Prior to SVR4, there were the two camps, with SVR3 being "business"
and BSD mostly being University/Research. With SVR4, things became
alot less distinct, and it was really only the linux camp that really
kept beating the drum that they were still so different. 

> if indeed 4.3BSD was a major contributor to SVR4 then it would have been
> in a few specific areas, 

It was more Sun with 4BSD based SunOS that contributed into SVR4 than
4.3BSD proper. At the time, that was some University somewhere, not what was
current in the Unix world.

> e.g. the sockets code, because SysV had its
> own competing idea called STREAMS that I believe was later discarded
> (or not used much) when the BSD sockets API became the de facto
> standard.  

There's both the STREAMS API (more properly XTI/TPI) and the STREAMS
Kernel network processing paths.
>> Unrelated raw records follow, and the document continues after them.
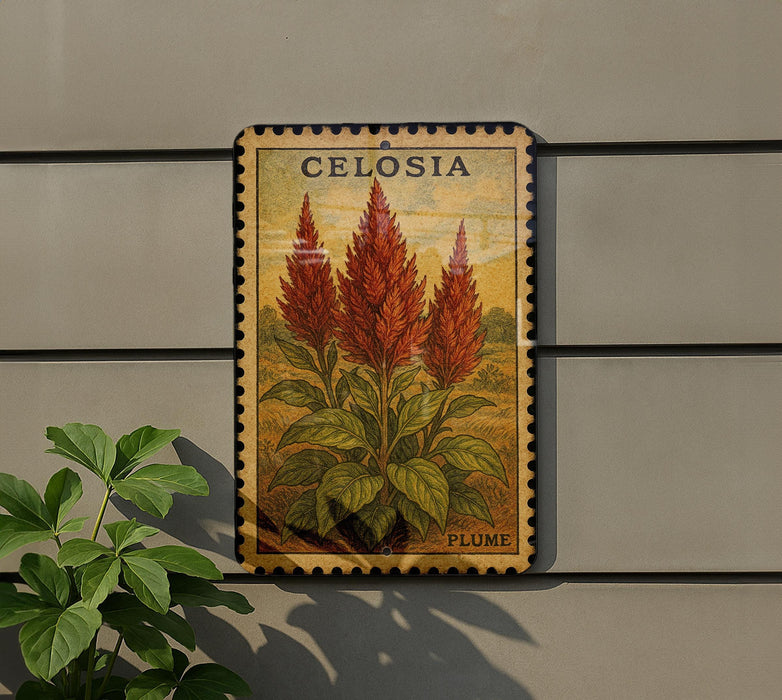 a decorative metal plaque with a floral illustration of Celosia plants, mounted on a wall.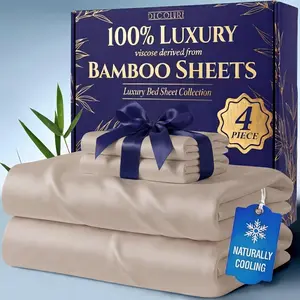 DECOLURE Bamboo Sheets 4pc Set 100% Cooling Viscose Ultra Soft 17 Deep Pocket Double Stitching Must Have for Hot Sleepers OEKO Tex Certified Hypoallergenic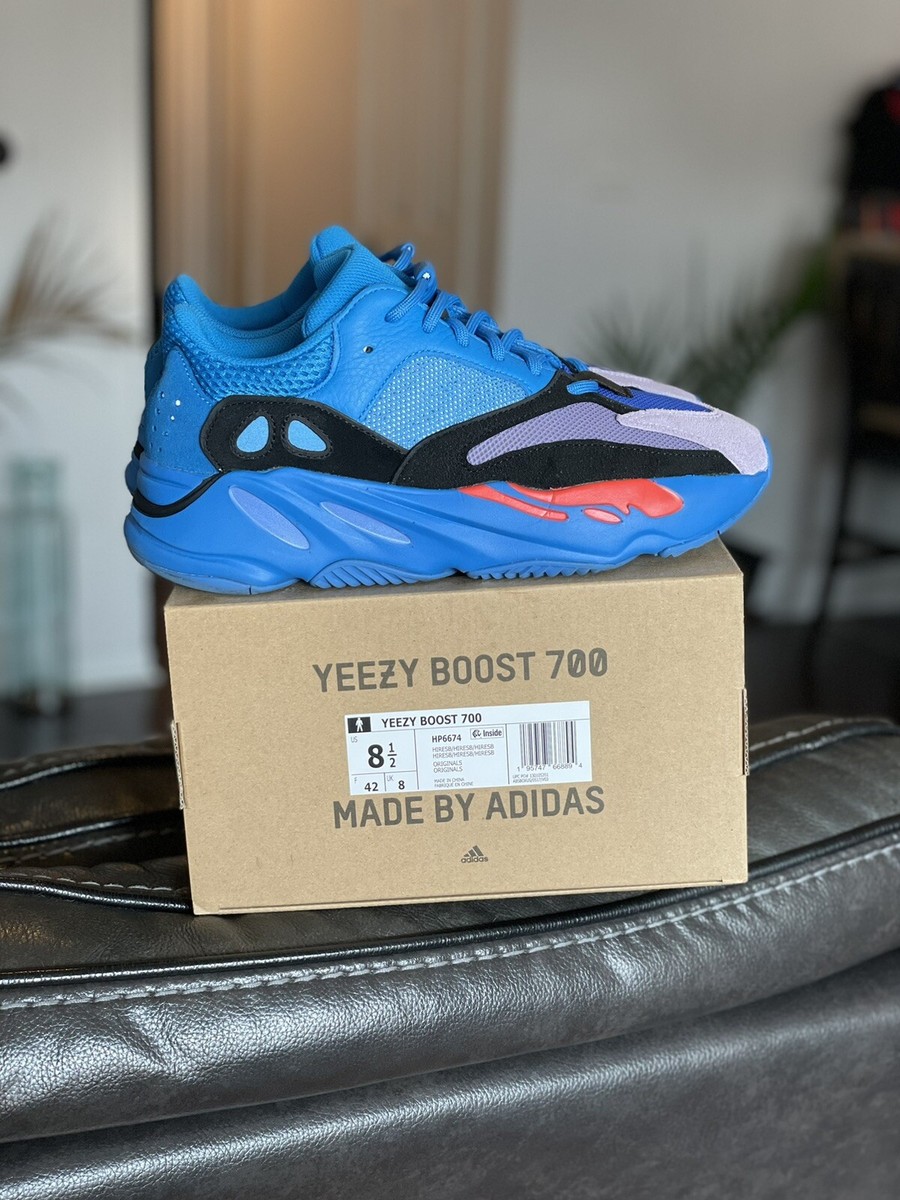 yeezy 700 bright blue on feet
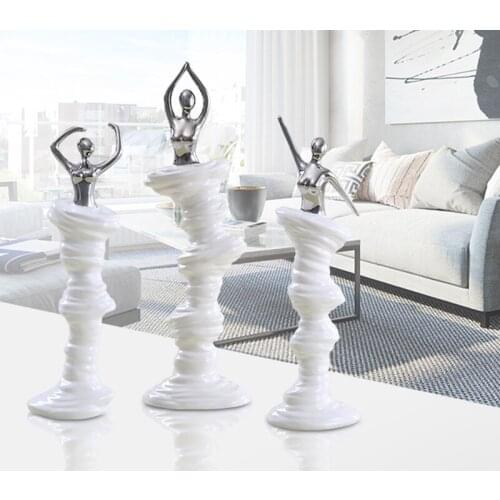 SIMPLE MODERN ABSTRACT FIGURE ART SCULPTURE ARTS WATER BALLET STATUE CERAMICS CRAFT HOME DECORATION LIVING ROOM OFFICE R3099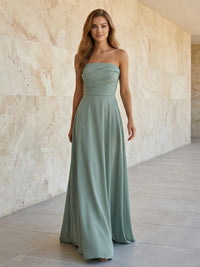 Chiffon A Line Strapless Pleated Formal Dresses
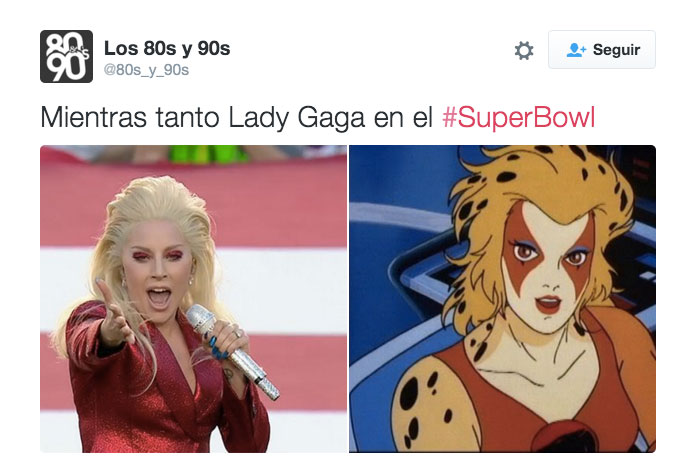 10. Mientras tanto Lady Gaga en el #SuperBowl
XTI/TPI have died by the wayside
surplanted by the Sockets API, but the STREAMS kernel stuff is still
very much part of Solaris. To me, it seemed like Sun never really gave
all that it did for the streams kernel stuff back into SVR4, but alot
of the networking code seemed to be an early draft of what Solaris did
with it. Any SVR4 varients still ran with the streams networking kernel code.
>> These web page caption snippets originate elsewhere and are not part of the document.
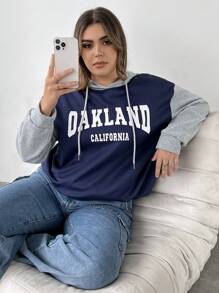 Flirla 加大码字母图案撞色落肩抽绳卫衣 - 黑色 - 查看 5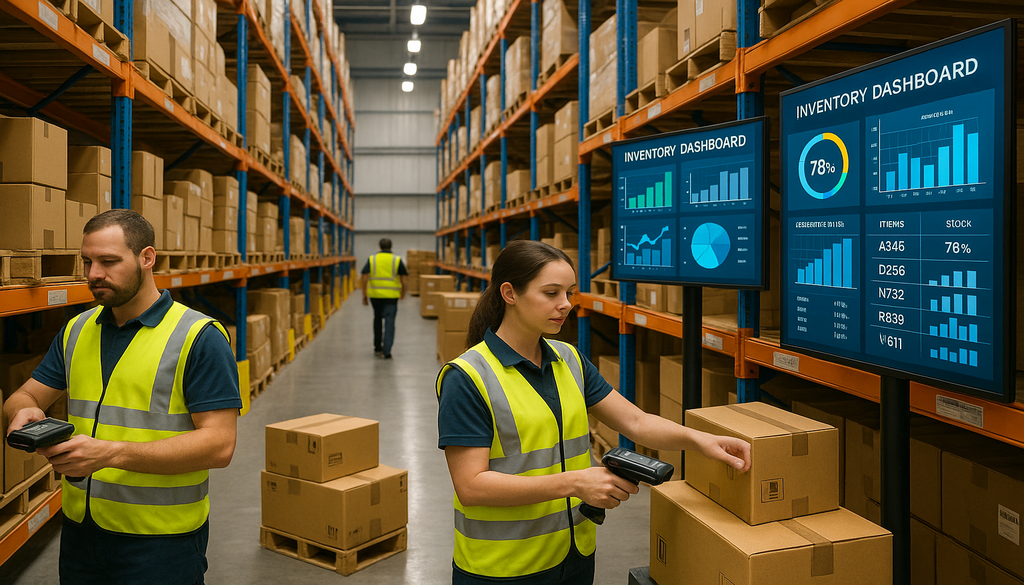 Warehouse workers using handheld devices with digital inventory dashboard displaying WMS performance metrics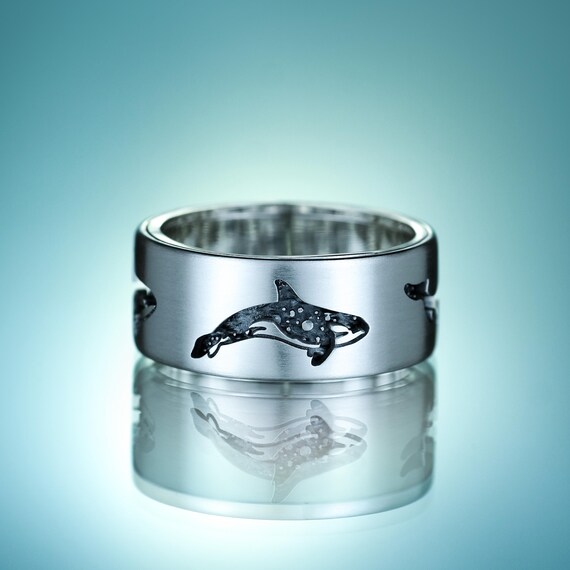 Unique Kinetic Spinner Ring With Orcas and Space Design – Handmade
> Also as I understand it, SunOS was a BSD which had heaps of
> development and original ideas put into it (shared libraries I think
> is one example),

Yes SunOS was definately 4.xBSD and had lots of research and
innovation I think. The big Sun Whitepaper book of research papers is 
pretty interesting reading.

>  but was discarded as a political decision because
> AT&T had managed to convince most corporate customers that BSD was
> merely a hack and SysV was the "real unix", so Sun decided to create
> Solaris instead by licensing SysV as a starting point, I may have
> things slightly backward so I would appreciate if anyone can confirm
> this?

I didnt see AT&T driving new "business" aspects of any flavor of
unix. They already had that perception going strong in the
market. AT&T's goals were more of uniting the various paths of unix
that were really already out. From the many BSD based systems with
SysV influences (ie. SunOS, Ultrix), and the Sys III type systems, to
the really strange one-off research type systems. All into one grand
unified Unix to take over the market. Until the revolt for having 
AT&T be the overlord master overtook them and shattered it all again. 

Sun and AT&T were partners developing SVR4 to some extent. Some of
Sun's tech went into SVR4 (based on their 4BSD based SunOS). To me, as
an outsider, it seemed Sun kept alot of tech to itself and rolled it
into Solaris. At the time, Sun's stated reason for creating Solaris
was to move to multi-processor machines, and that the 4BSD based code
had too many global-locks (something that FreeBSD had struggled with
even relatively recently), and moving to the new architecture would be
a lot easier for the future and would help them overcome those
limitations. Of course, this migration probably took far far longer than
they ever expected. But once Solaris actually became usable, it certainly did
rock a lot more than SunOS on the hardware it was tweaked for.

I didn't see Sun as not holding back on licensing SVR4. They seemed to
get what they wanted out of the deal with AT&T, and created Solaris as
their desired path out of the deficits they had with SunOS with the
partners they had on hand.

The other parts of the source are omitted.